I really have no idea what is “restrictive” about any of this. Class size is smaller than the equivalent Head Start classrooms, meaning it’s quieter and the kids get more one-on-one attention. The school facility is quite nice, with big outdoor and indoor play areas and lots of fun sensory toys. There’s a full-time nurse just down the hall with his medications on hand, and individual and group therapies taking place in the classroom or OT/PT gym. I don’t see any of this as restricting Monkey’s freedom or ability, but the opposite: it’s supporting those things. (He loves it, by the way.) So why don’t we call it “the most supportive environment” or “the most accommodating environment”? Does that not sound negative enough?

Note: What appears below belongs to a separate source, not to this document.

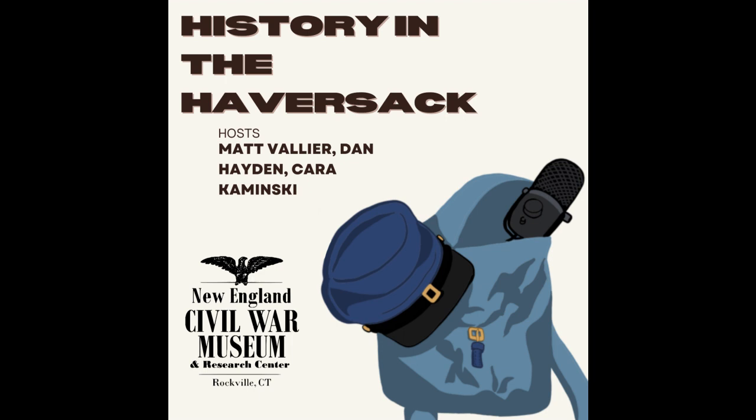This is History in the Haversack, coming to you from the halls of the New England Civil War Museum, where we connect the people of today with the memories and humanity of the people of the American Civil War. I'm Matt Vallier, Program Director. And I'm Kara Kaminsky, Collections Director. And I'm Dan Hayden, Executive Director.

I’m not advocating for euphemisms here. I’m just wondering how, for example, self-contained classrooms might look different if we conceptualized them in terms of “most accommodating” instead of “most restrictive”. Providing the necessary amount of accommodation for an individual student – not restricting them in some way – is what a self-contained classroom should be for. It should be for students whose needs can’t be accommodated in regular classrooms. If a student can function and learn with accommodations in a regular classroom, then they should do that. They should learn in “the least accommodating environment”! Hahahaha. (Seriously, though, I went through mainstream public school and “least accommodating environment” is a pretty good way of describing it.)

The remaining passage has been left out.